Сразу понятно, есть ли в доме любовь![46]
Оно очень даже приятно тут, в кухне на столе, когда все разошлись спать. Как поется в песне, стол и стул по-своему умеют улыбнуться и пригласить присесть, погостить. Толком не замечал раньше, как льется над мойкой свет, когда выходит луна. Каждый предмет, когда вот так окутывает его белым покровом, обретает свое особое измерение. Сахарница, кувшин и чайная ложка на рабочей столешнице, когда свет стягивает их воедино, кажутся ансамблем. Сушильная доска – серебристый ледяной каток с выброшенными на него перевернутыми кружками, они ждут, когда за завтраком их поднимут и вновь польется в них горячий чай. Всякие чудны́е хрени валяются рядом – моток бечевки и пинцет. Вот они-то смотрятся зловеще уж точно, не место им тут, все кромки заострены лунным светом.
Может и потемнеть – внезапней некуда, набегут облака, затенят все вокруг. Устранят своеобычность окружающего. Вот еще одно слово, которое я никогда раньше не употреблял, – своеобычность. Но теперь я больше ничего не боюсь. Меня все знали как бесстрашного человека, и физически, и умственно: и на дорогах, и на игровом поле, и в любой компании. Но, как и многие, я свои границы таскал в себе. Такое вот слово – своеобычность – эдак запросто вбросить в разговор никогда не умел. А теперь, похоже, расширяюсь во все стороны. Своеобычность… чешуйка со шкуры родной речи. Мне теперь хоть бы хны, позволю себе хотя б раз.
Когда ты всего лишь предмет, в моем случае – деревяшка, стихии играют с тобой так, как не могли, пока ты был жив, и надувались легкие, и набрякали вены. Взять вот восход дня: первый свет поднимается и поднимается, пока не затопит окно. Пока я был жив, если встал рано поутру, приговаривал: “Красота какая. Подъем, ребятки, труба зовет. Что надо день для стирки и сушки, Матерь”. Но едва потрачу хоть минуту, чтобы дать свету пройтись по мне, омыть меня, вот как сейчас. Я, замкнутый в деревянном своем укрытии, омыт светом и тьмой – днем и ночью. То же и с шумами: скрип половиц, гул и вздохи холодильника позади меня, время от времени шорохи снаружи за дверью во двор – то идет мимо кот, ночной охотник, а может, и лиса. На милости у всего этого, до чего же милостивая это штука – жизнь после смерти.
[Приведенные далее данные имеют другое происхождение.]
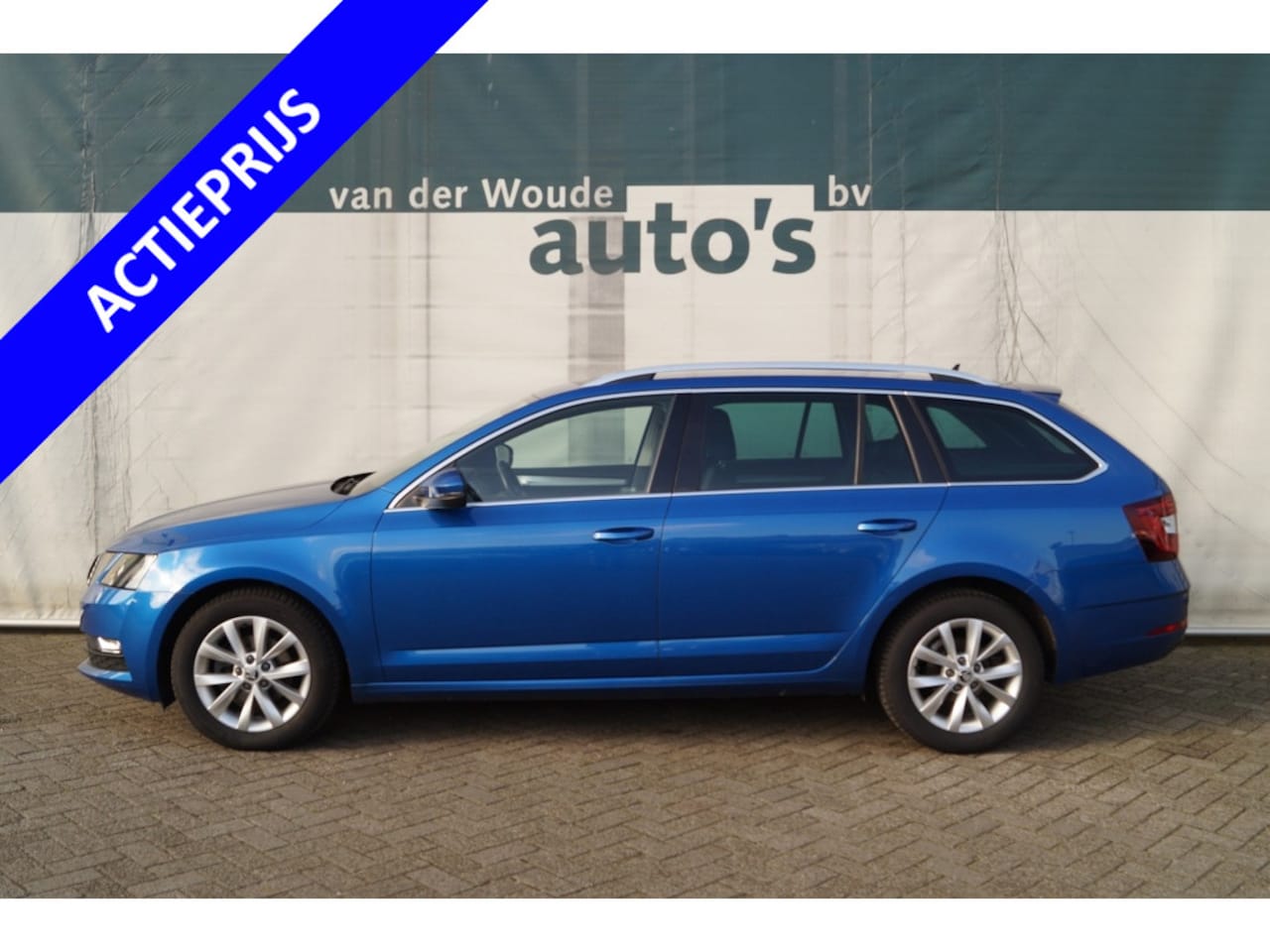 Skoda Octavia Combi - 1.6 TDI DSG Clever Edition -NAVI-ECC-PDC- - AutoWereld.nl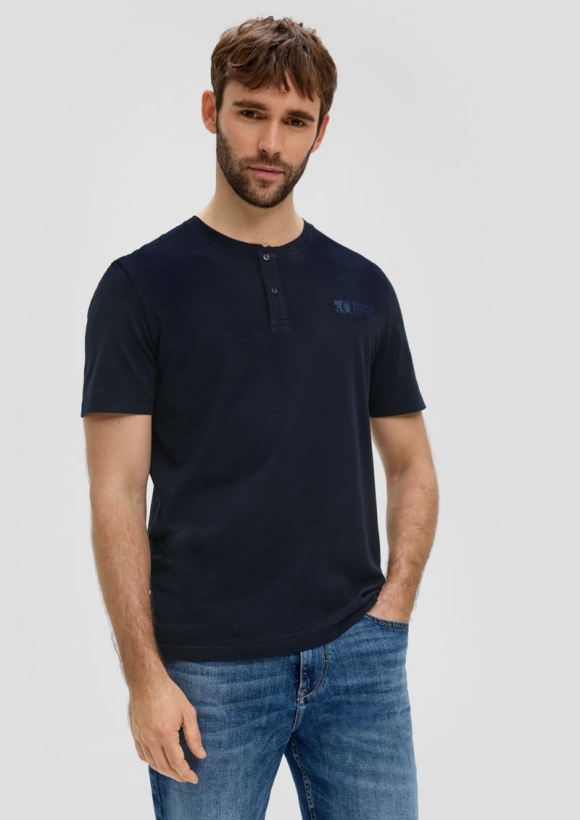 s.Oliver T-Shirt mit Garment Dye und Henley-Ausschnitt - navy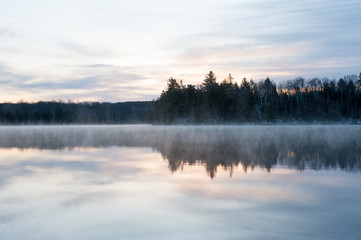 Foto reportaje: Una tarde de invierno, Wolf creek lake, Ontario, Canada. - obrazy, fototapety, plakaty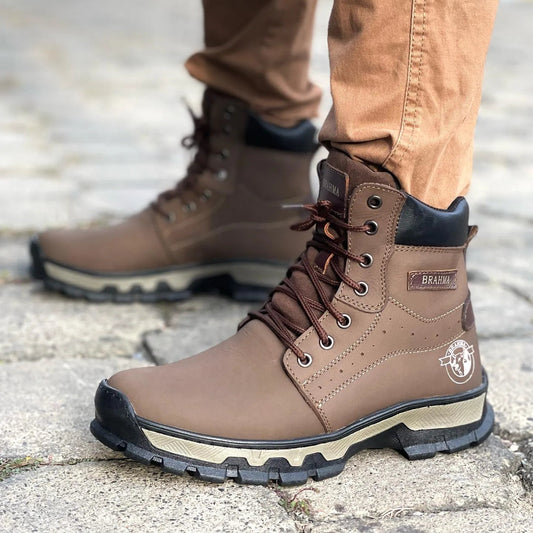 Botas Leather 2.0: Fuerza y Estilo en Cada Paso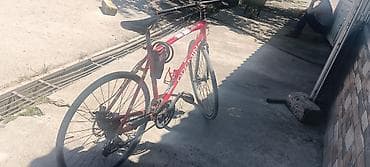 Şəhər/trek hibrid tipli velosiped - Rəng: qırmızı, qara detallar - lalafo.az -da Şəhər/trek hibrid tipli velosiped - Rəng: qırmızı, qara detallar -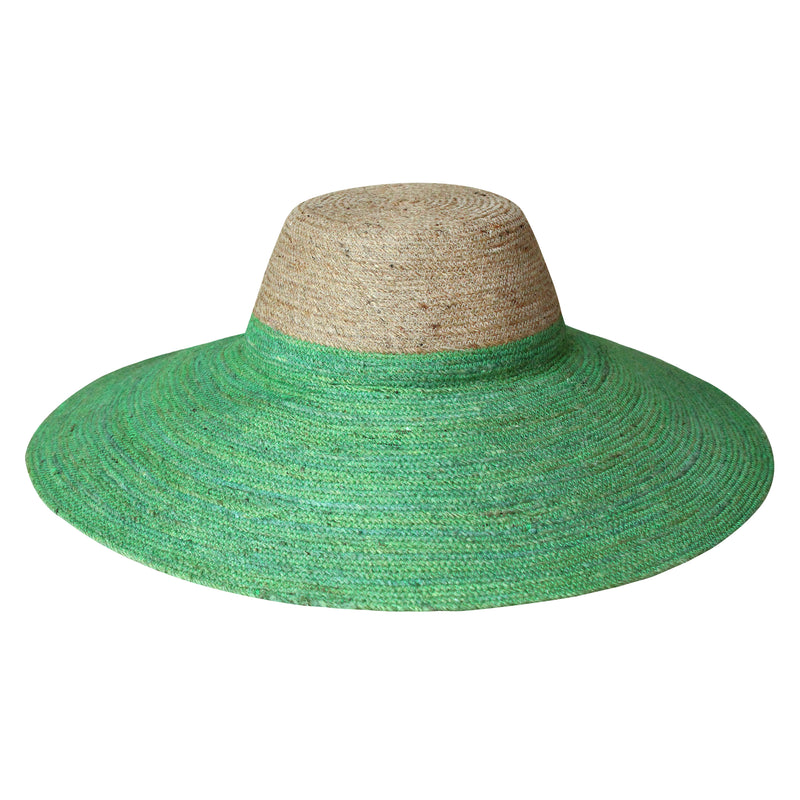 Duo color tone handwoven beach straw hat in natural and Kelly green brim color, handmade from natural jute straw by local artisan in Bali. Handmade vacation wide-brim hat with domed down brim for maximum sun protection. Sustainably made by female artisan community in Indonesia for resort vacation season.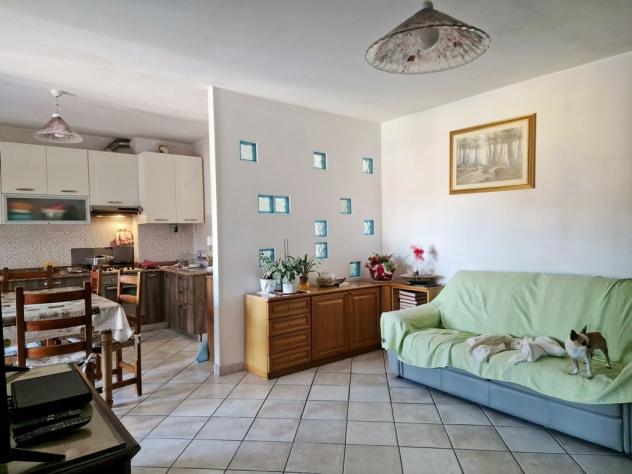 MARINA DI MASSA, a circa 1 km dal mare, appartamento completamente ristrutturato posto al piano secondo e composto di ampio soggiorno con angolo cottu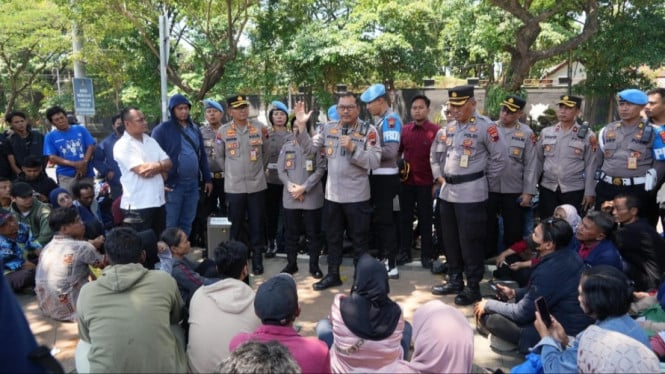 Ortu anak-anak yang demo, datang ke Polda Jateng.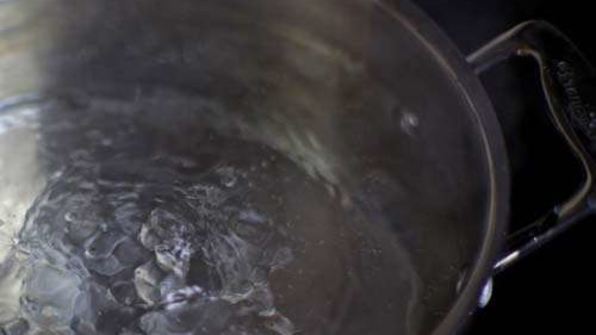 квас из ржаного хлеба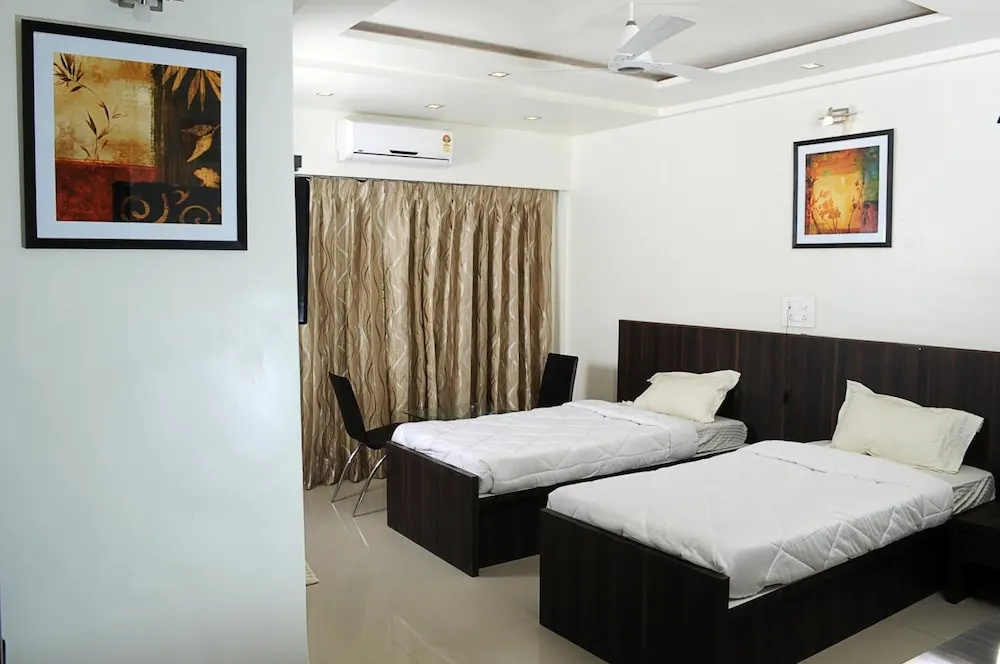Photo - Hotel Suresh Inn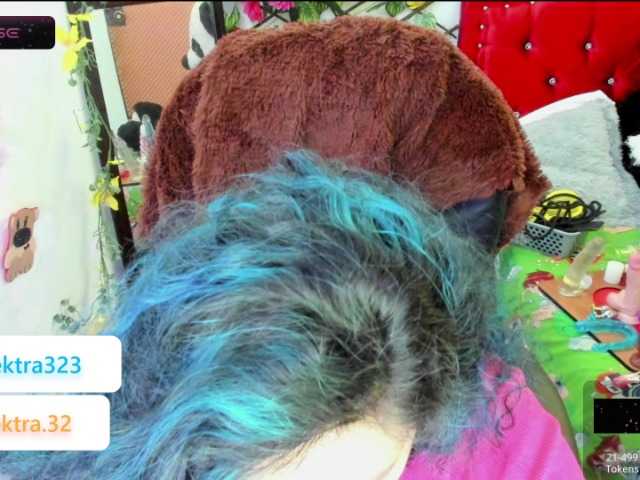 Live sex webcam photo for elektra-32 #277573984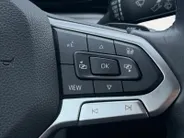 Volkswagen Golf 1.0 eTSI Life Business | CARPLAY | STOELVERWARMING | PARKEERSENSOREN | LICHTMETALEN VELGEN |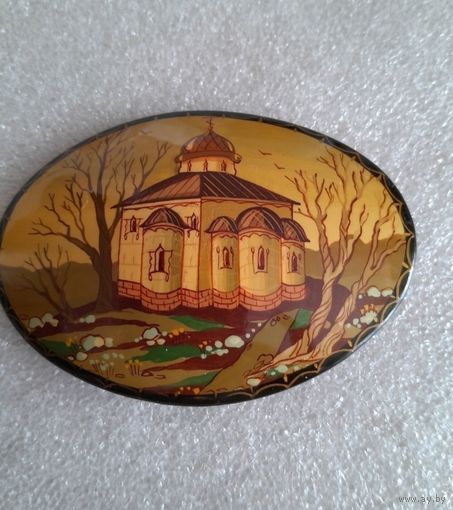 Брошь. Лаковая миниатюра.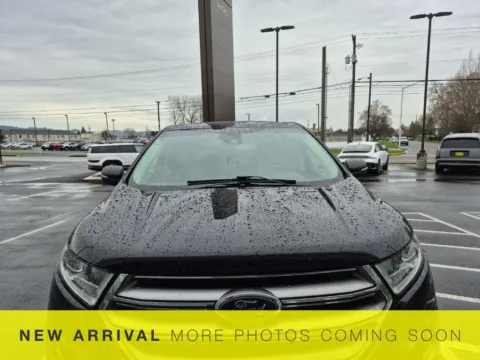 Photos of 2018 Ford Edge Titanium for sale in Longview, WA at Bud Clary Ford Longview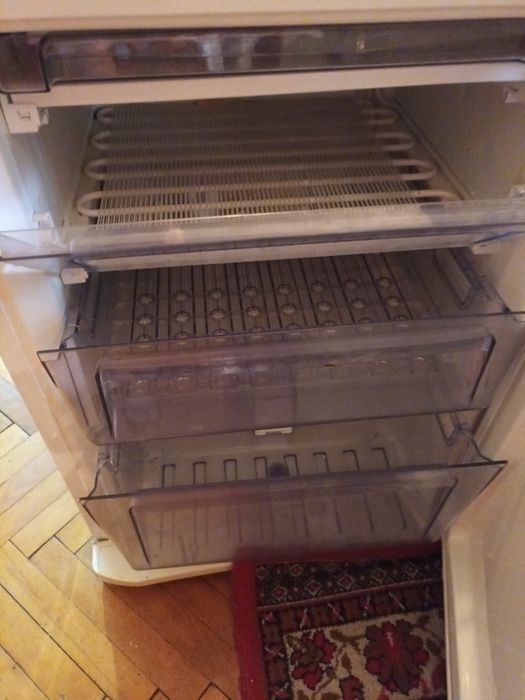 Хладилник със фризер  Candy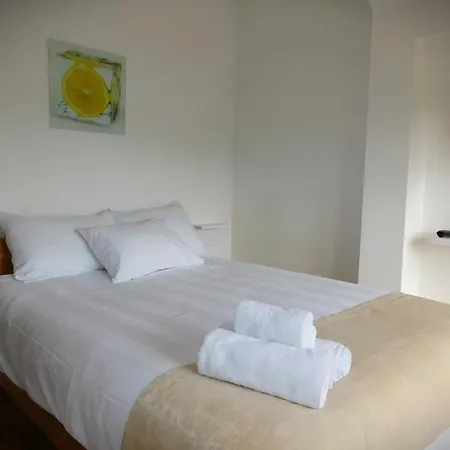 Gaia Near Airport 塞拉耶佛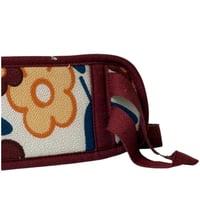 ليفة استحمام قماشية مزخرفة بنقش الأزهار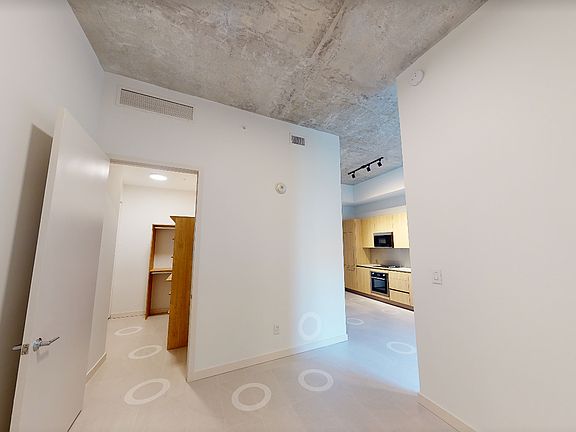 4th image of 108 NW 27th St #10
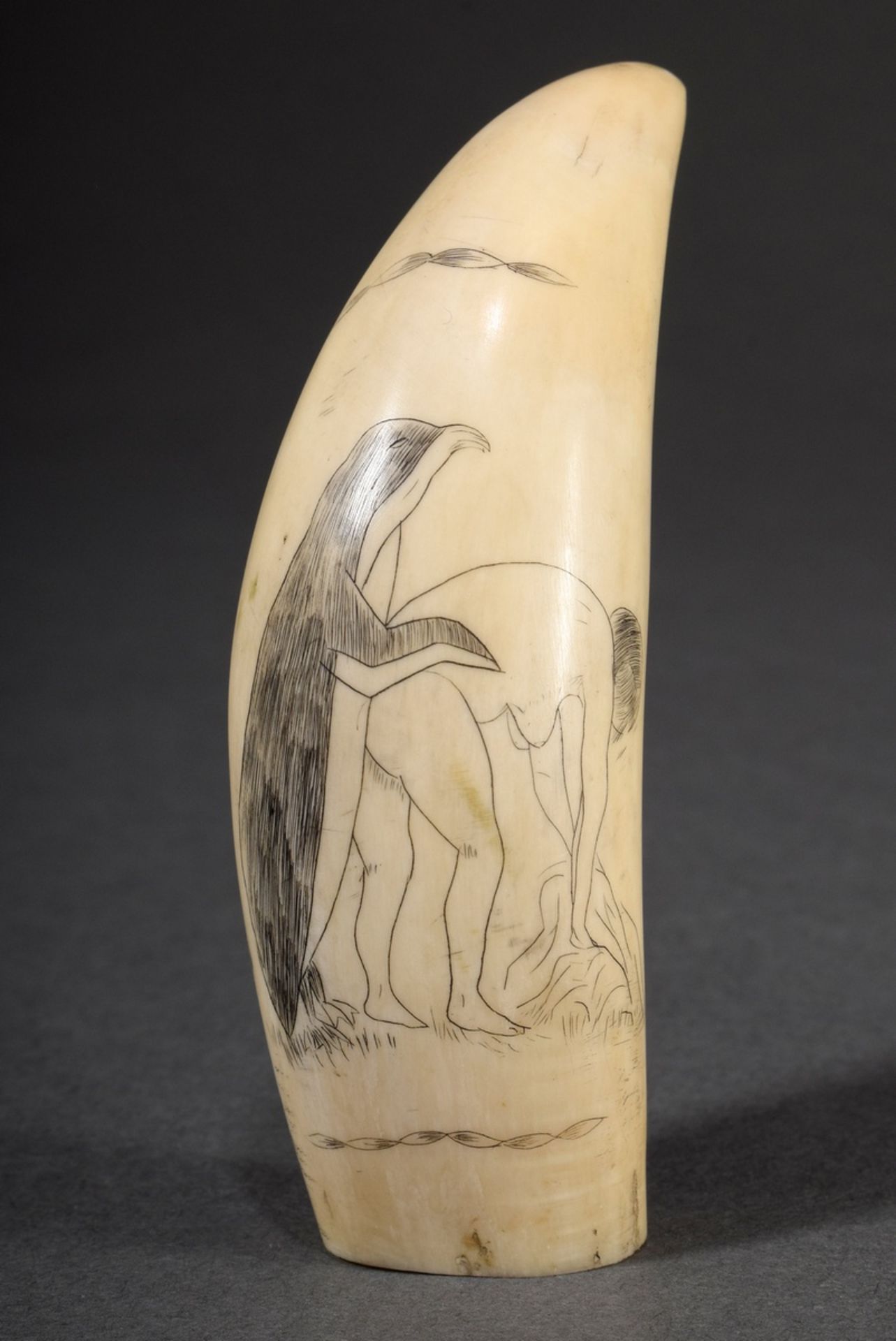 Scrimshaw „Wäscherin mit Pinguin“, Walzahn mit geschwärztem Ritzdekor mit Pinguin und nackter Frau,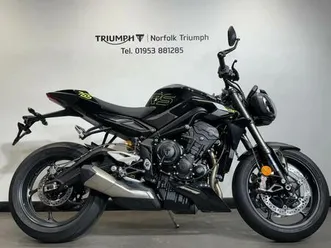 triumph street triple 765 rs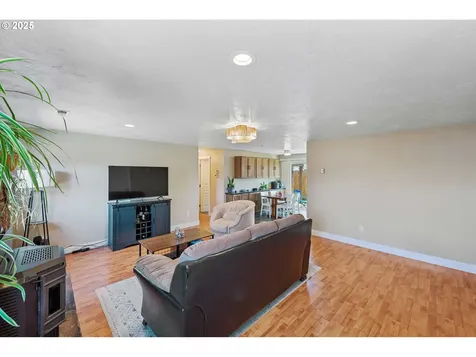 1065 Fenwick Street Coos Bay OR 97420
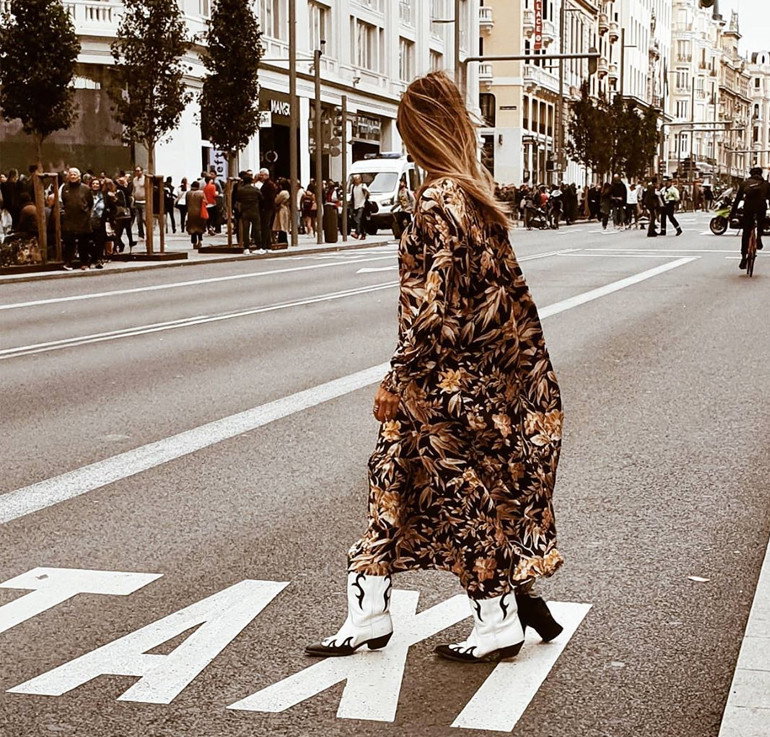 Trendy lato 2020. W tych sukienkach maxi z H&M, Zara, Reserved przechodzisz całe wakacje!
Попытка не пытка, опишу свое нынешнее положение, хотя все оно целиком мне невдомек. С тех пор, как не стало меня, в природу мира духов я никакого особого прозрения не обрел, ничего такого сверх того, что можно сообразить в любой день, когда вдыхаешь и в то же самое время осознаёшь это. Но в самом чудесном смысле слова это для меня нисколечко не важно. Если б было мне что посоветовать из великого запределья, сказал бы так: что б там жизнь ни совала в руки – если не питать надежд понять это, принять будет куда проще.
Сам-то я обустроился в деревяшке, обряженной будто замысловатая статуэтка. Но прежде эта самая статуэтка подпирала диван в каслбарской комнатенке[47]. Я более чем доволен таким улучшением положения. Учитывая, сколько вокруг подобной всячины, я мог бы угодить в чайный сервиз или в шезлонг. А потому обзавестись худо-бедно лицом, в какое люди могут смотреть, – будь здоров удача. И потому они все со мной разговаривают и обращаются исключительно бережно.
Та песня, ну, про желтую ленту на старом дубе, никогда ничего особенного мне не давала – просто так подпевать только. Но теперь у меня с ней иначе, потому что теперь это и моя правда: “Вернусь домой, свой срок отбыл”. И прикидывать, помнят ли тебя, есть ли до тебя хоть какое-то дело? Хотя сдается мне, я свой срок только начинаю.
“Теперь-то я узнаю, что мое, а что не мое”. Семья по-прежнему приходит мне на выручку: Матерь выбрала меня из целого строя похожих ребят у Мурта на столе. А теперь вот Фрэнк встал посреди ночи, спустился излить мне душу. Весь, как обычно, в узлы вяжется. Слышу, как он, хоть и лег уже, а все ворочается и ворочается, что твой пес блохастый.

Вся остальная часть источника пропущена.